Full steam ahead: Iseki UK was launched in 2017 into a rocky economic environment but with exactly the right man steering the ship. Two years on David Withers has proven his worth as a “Captain” and the company, now based in Ipswich, is making steady progress. 

“We are up on last year which is pretty good,” said David, in answer to the most obvious of opening questions – “How are you doing?”

Full steam ahead

“We are going to sell more this year and make less money and the reason for that has been the collapse in the value of the pound.

That’s even more of a problem for a company which brings in all of its goods from Germany and France – 80% Germany and 20% France,” revealed David, who returned to the UK following his time in the States as President and CEO of Jacobsen.

“The economy is not in great shape and causing a lot of uncertainty but the biggest single impact for us is that exchange rate.”

To highlight the point he added that the pound had devalued by 13% in the previous two months and that Iseki had recently been forced to increase its own prices by 3% to 5%.

“We are going to see inflationary pressures coming in and I don’t think that the economy is going to be strong enough for wages to keep up with inflation.”

Like so many other companies Iseki were prepared for the original Brexit timetable of March 31 and had brought in sufficient parts stock to ensure no issues over that period.

“Then it didn’t happen so, having had a good quarter one, when we were doing a lot to prepare, there was a hangover in quarter two and from April things never really got going.

Now we have prepared again and we are once more full of inventory,” said David, speaking a few weeks before the more recent October 31 Brexit date.

The company has secured additional warehouse space, through a relationship with one of the transport companies on the Ipswich Europark with which they share a postcode to cope over the period.

Any issue of delays at ports is not of huge concern to David, given the nature of the Iseki business.

“If our deliveries take an extra week to get through, it will be irritating but it’s not life-threatening,” was his pragmatic view.

As to the wider issue of ensuring the Iseki brand is available the length and breadth of the country the company is making real progress in bolstering its dealer network.

“What has really worked for us is that we have clarified in our minds what our distribution strategy should be. We find that for many of our dealers we are either the simplest and easiest product a dealer sells – because they also deal with combine harvesters or 500 horsepower tractors and forestry harvesters – and we are the lowest value product they sell.

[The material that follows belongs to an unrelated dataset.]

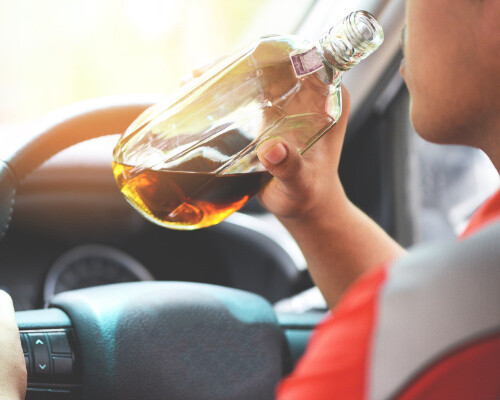 person drinking alcohol while driving and causing an accident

“Conversely, for other dealers, we are at the upper end of their portfolio. They might be selling products like Mountfield, Honda and Stiga, but don’t have a diesel product other than ours. In these cases we are the most complicated product they sell.”

Many dealers, often classic garden dealers, have been asked if they would like to have a diesel offering in their portfolio.

“We are up to about 16 new dealers but we still have some gaps and we have space for another 30 or so.”

Having spent most of his more recent life at the top end of business life – prior to his time at Jacobsen he was Managing Director of Ransomes Jacobsen, based just down the road from his new home on that Ipswich Europark – he is enjoying building a new business from the beginning.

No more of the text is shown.